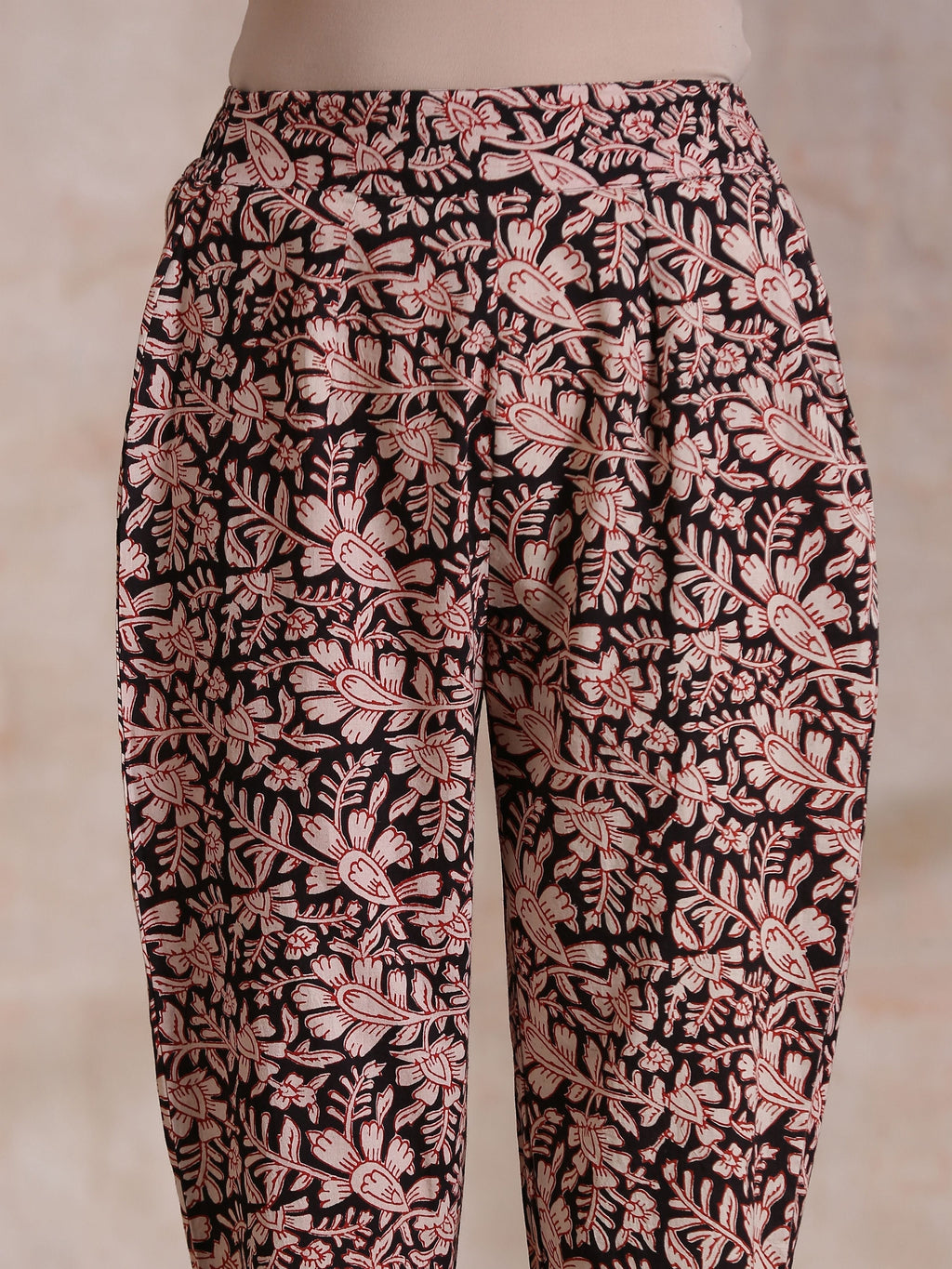 trueBrowns Black Floral Overall Bagru Print Cotton Pant Suit Set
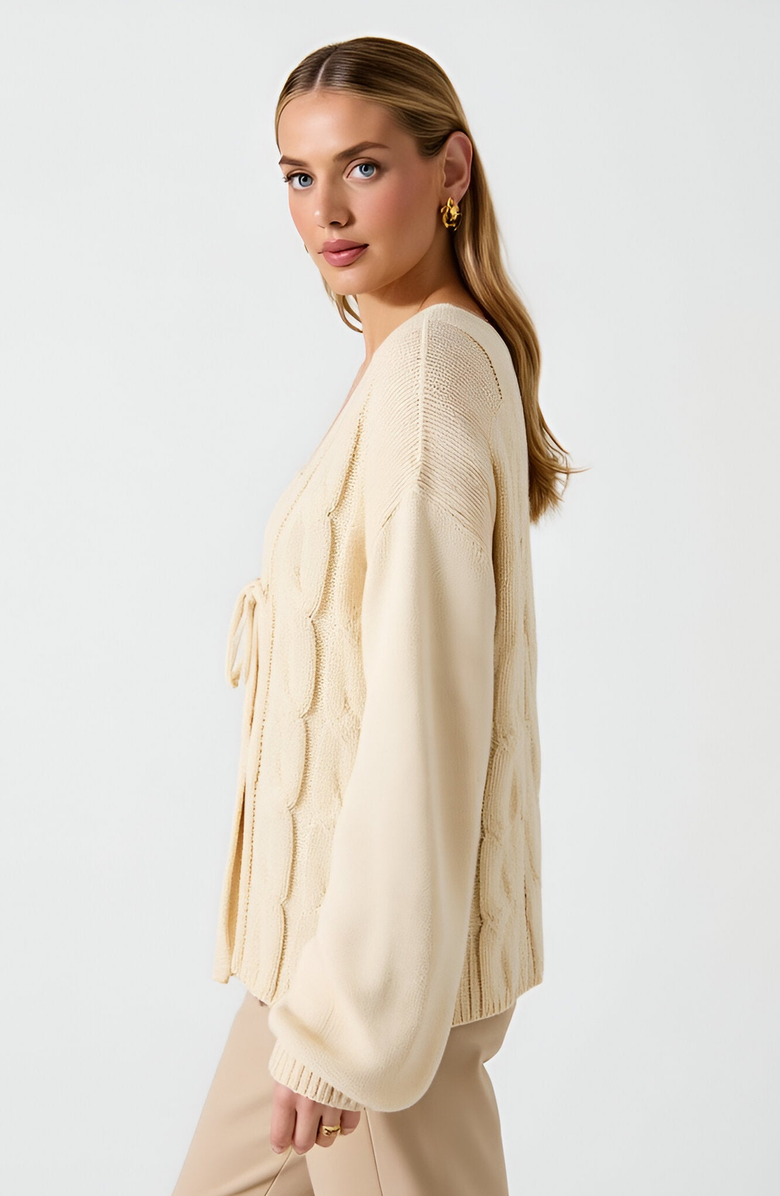 Modenaire Long Sleeve Cable Knit Tie Front Cardigan Sweater, Alternate, color,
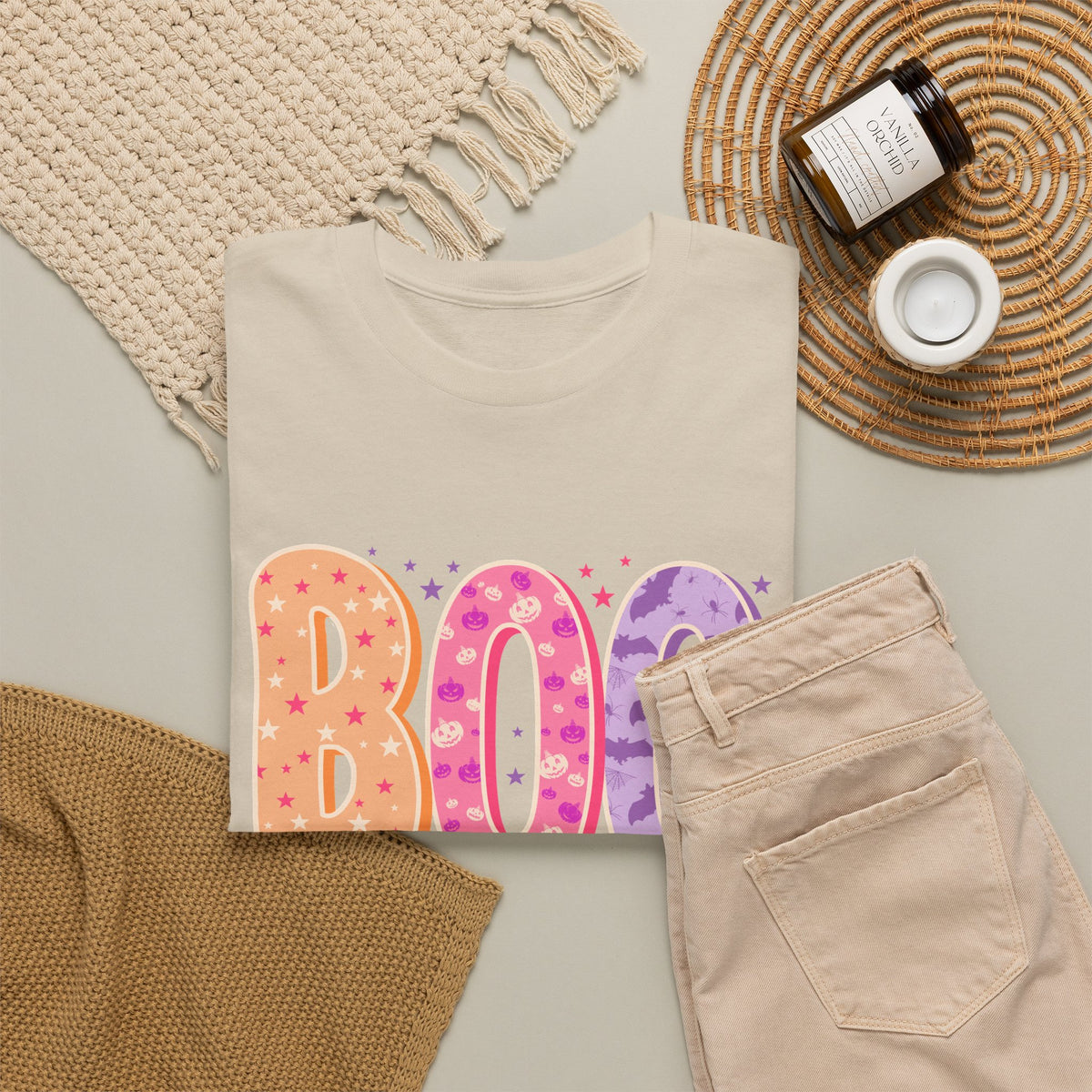 BOO Halloween Tee — Colorful Pastel Ghost Letter T-Shirt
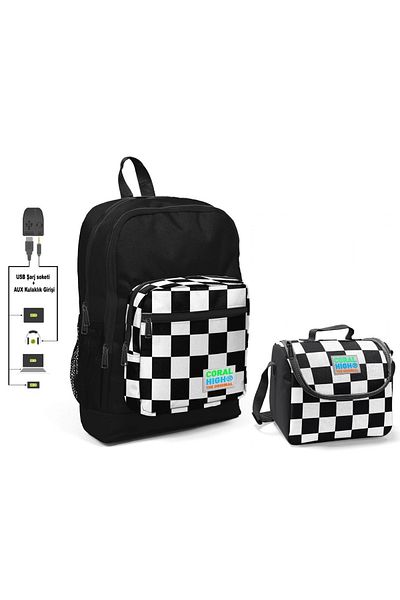 Coral High Комплект черна карирана ученическа чанта и кутия за обяд - момче - с USB порт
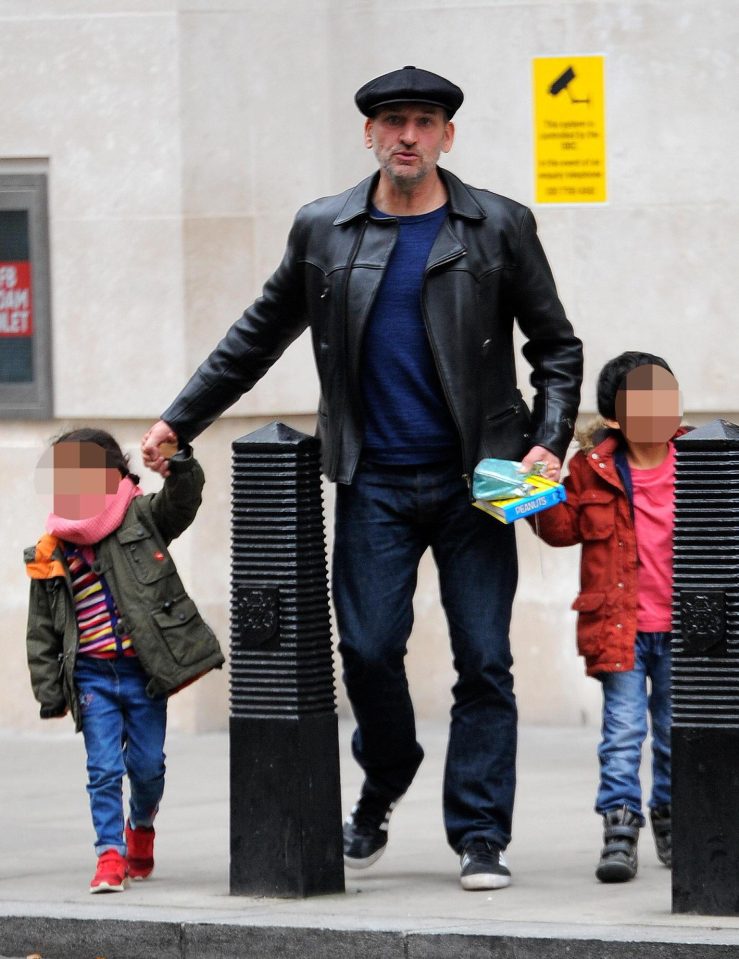 Christopher out with his children Albert and Esme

Work order
Please print each entry exactly as given and keep pictures out of it.

Output of the task
 trueBrowns Black Floral Overall Bagru Print Cotton Pant Suit Set
 Modenaire Long Sleeve Cable Knit Tie Front Cardigan Sweater, Alternate, color,
 BOO Halloween Tee — Colorful Pastel Ghost Letter T-Shirt
 Coral High Комплект черна карирана ученическа чанта и кутия за обяд - момче - с USB порт
 Christopher out with his children Albert and Esme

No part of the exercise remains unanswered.